Have 98 percent of Catholic women used contraceptives? Not quite. - The Washington Post

Link: http://www.washingtonpost.com/blogs/ezra-klein/post/have-98-percent-of-catholic-women-used-contraceptives-not-quite/2012/02/14/gIQAZszTDR_blog.html (via shareaholic.com)

98% of statistics say something other than what's in the headlines.

Lydia McGrew questions whether 98 percent of Catholic women have actually used contraceptives, a figure that became ubiquitous in last week's birth control debate. She parses the research behind the stat, which comes from a 2011 Guttmacher Institute study:
The survey was limited to women between 15-44. Ah, well, that explains how we weren't including the elderly, but it also means that the silly "percent of all Catholic women" thing should be chucked out right from the beginning. More strikingly...it excluded any women who were a) not sexually active, where that is defined as having had sexual intercourse in the past three months (there go all the nuns), b) postpartum, c) pregnant, or d) trying to get pregnant! In other words, the study was specifically designed to include only women for whom a pregnancy would be unintended and who are "at risk" of becoming pregnant...a statistic based on a study that explicitly excluded those who have no use for contraception is obviously irrelevant to a question about the percentage of Catholic women who have a use for contraception.
....
Jones's study does not find that 98 percent of all Catholic women have used contraceptives.
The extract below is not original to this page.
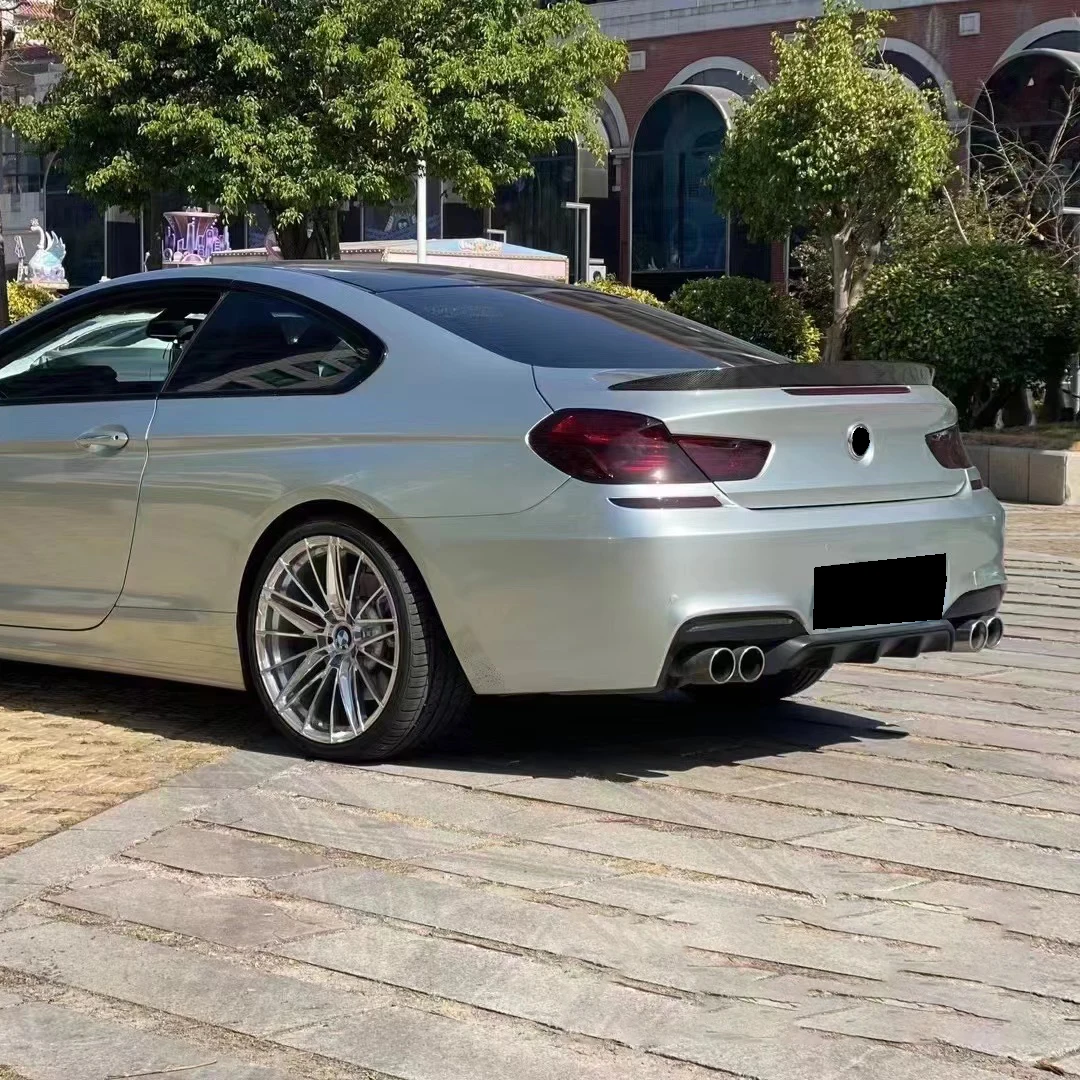 Rear Bumper Lip Diffuser Splitter Spoiler Body Kits for BMW 6-Series F06 F12 F13 M Sport 2011 2012 2013 2014 2015 car bumper spoiler bumper lip bumper lip decoration car rear bumper lip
What it does, however, bear out is the claim that many have made with this statistic: that sexually-active, Catholic women do tend to use contraceptives at the same rate as their non-Catholic counterparts. On that front, Jones looked at women who had been sexually active within the past three months. You can see the results of that question in the chart above, where contraceptive use of Catholics look virtually identical to those of all women.
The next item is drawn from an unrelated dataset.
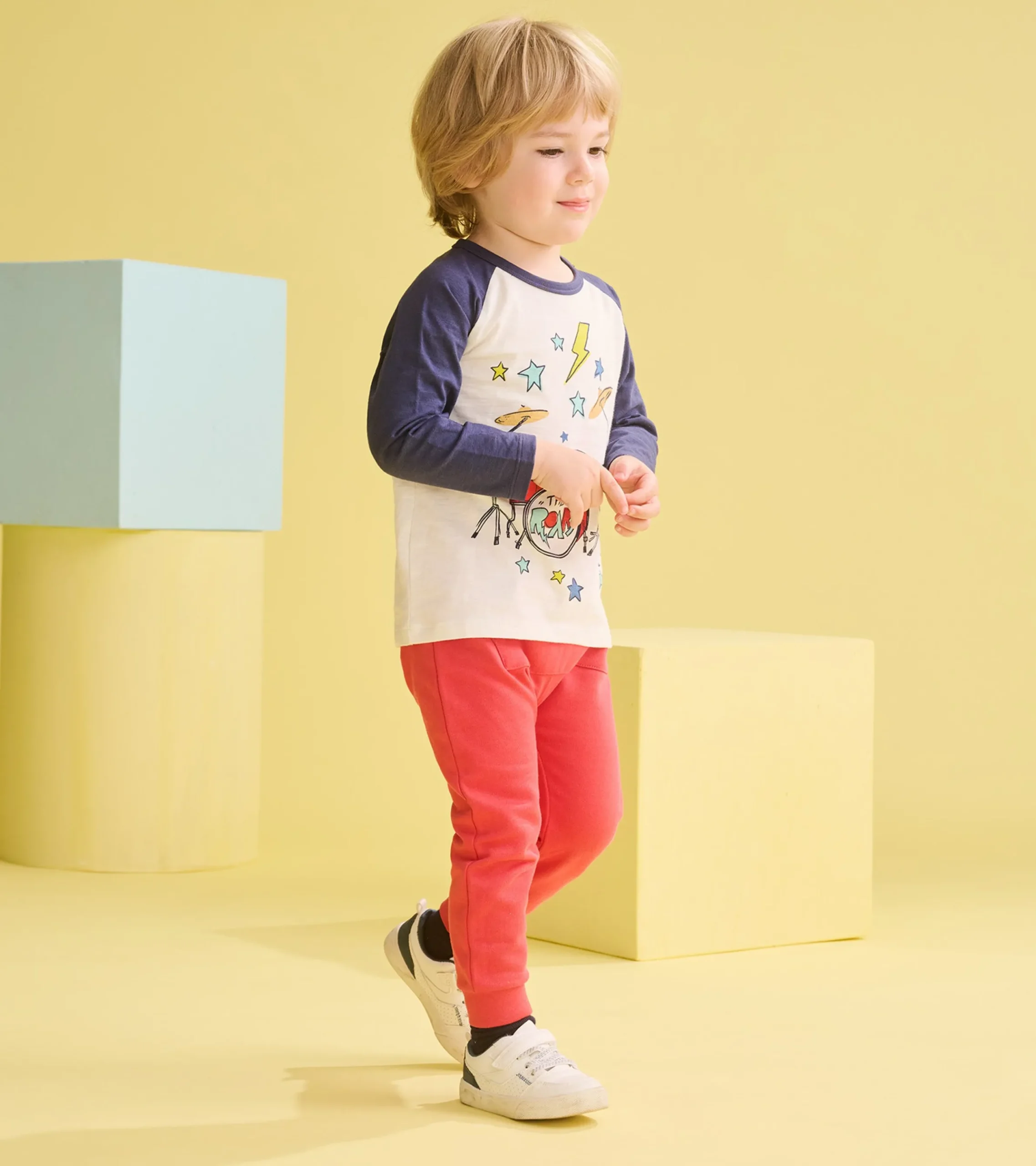 Clearance Hatley Baby & Toddler Boys Drum Kit Long Sleeve T-Shirt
At Lydia McGrew's post, linked above, she concludes with:

The statistics in the Guttmacher study appear to be okay for the purpose for which the study was originally intended. The intention of the study was to answer something like the following question: "Among women of various religious groups who are now sexually active but do not wish to become pregnant, what percentage use different methods of avoiding pregnancy?" But the purpose for which the statistic for Catholic women from the study is now being used is to argue, "A very high percentage of Catholic women (or, perhaps, Catholic women of child-bearing age) are currently not following the Catholic Church's teachings on sex and contraception and have a use for contraception forbidden by the Catholic Church."
For that purpose, these statistics are bogus.